The Queen Victoria Building in Sydney – magnificent survivor

The Queen Victoria Building (QVB) in Sydney was officially opened in July 1898. In 1986 after a history of on-again/off-again plans for demolition or restoration, the building was opened with a new lease on life as one of the city’s premier retail buildings.

In 1927, J J C Bradfield’s plans for the Sydney Harbour Bridge and its approaches apparently required the widening of York Street. (Note: a post on the Sydney Harbour Bridge will follow in coming weeks).

In 1972, demolition man Keith Whatman would have been happy for the Queen Victoria Building to have been brought down by his wrecking ball. Around the same time the Sydney City Council had decided she was worth saving and restoring to her former glory.

The Queen Victoria building for one – it’s a monstrosity – to make room for a civic square.

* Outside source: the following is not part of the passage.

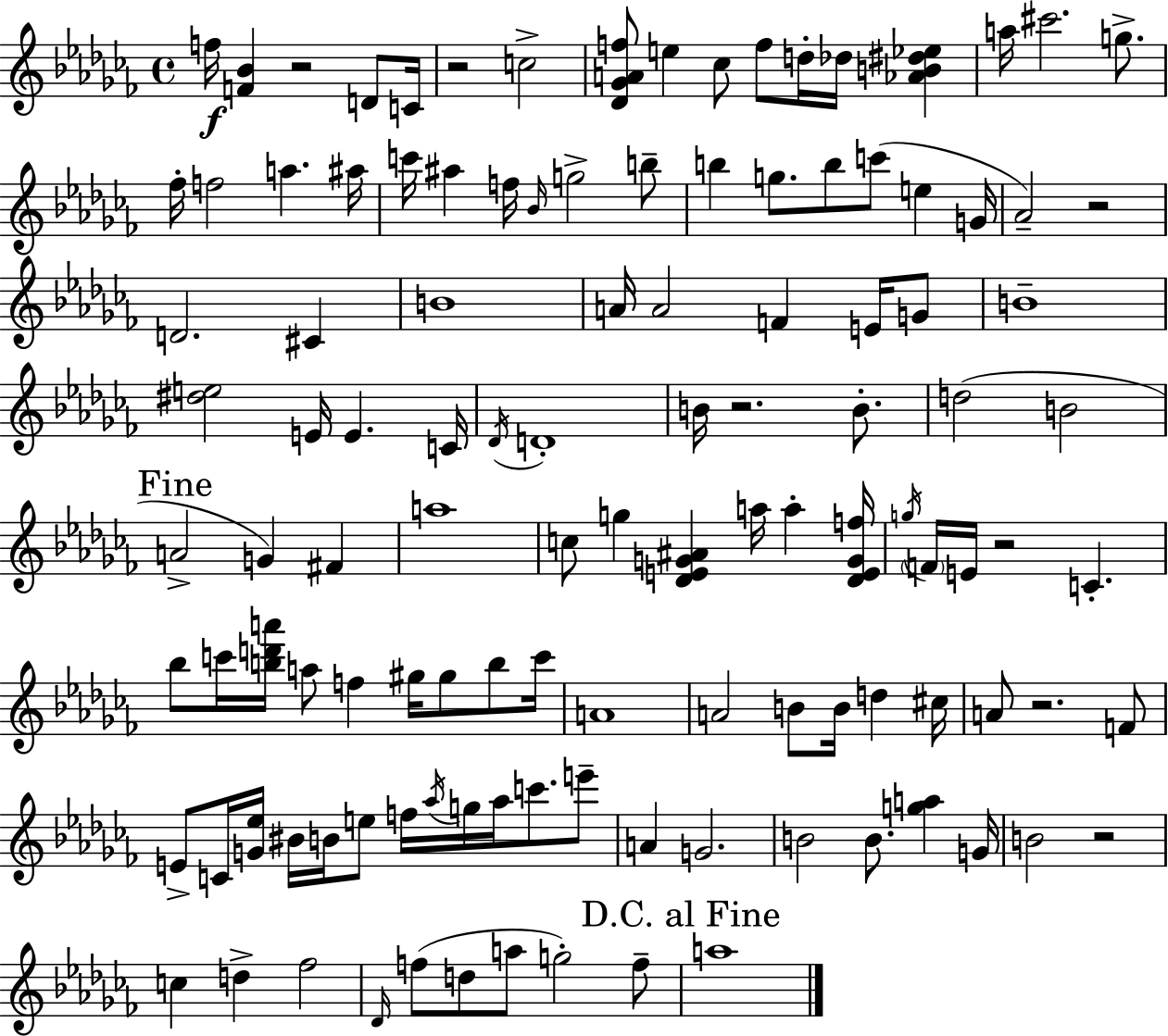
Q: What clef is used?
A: treble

That’s a project I’m really keen on. But not St. Andrew’s Cathedral and the Town Hall. I’d fight to the death anyone who suggested it,” he said. Keith Whatman – Australian Women’s Weekly 29 November 1972

Here’s what the QVB looks like now. A timeline of its history can be found on the same QVB site. Over here at sydneyarchitecture.com, you’ll find some historic and contemporary photos of a building that hung on to be the national treasure that it is.

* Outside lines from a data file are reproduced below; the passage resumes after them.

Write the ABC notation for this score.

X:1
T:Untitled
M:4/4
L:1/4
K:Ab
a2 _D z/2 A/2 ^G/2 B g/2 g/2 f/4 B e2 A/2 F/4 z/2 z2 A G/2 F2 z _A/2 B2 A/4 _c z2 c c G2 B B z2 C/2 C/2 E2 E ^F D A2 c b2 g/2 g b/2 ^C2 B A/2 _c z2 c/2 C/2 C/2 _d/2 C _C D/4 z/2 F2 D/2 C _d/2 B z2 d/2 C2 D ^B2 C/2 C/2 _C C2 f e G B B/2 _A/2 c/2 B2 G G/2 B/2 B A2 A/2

The QVB is now listed under the NSW Heritage Act. The Heritage Branch of the NSW Department of Planning has a comprehensive description of the building and its history here.


One Comment on “The Queen Victoria Building in Sydney – magnificent survivor”

  1. Carole Riley says:

    That’s what’s wrong with Sydney, we’ve lost too many of our old buildings and our city’s character.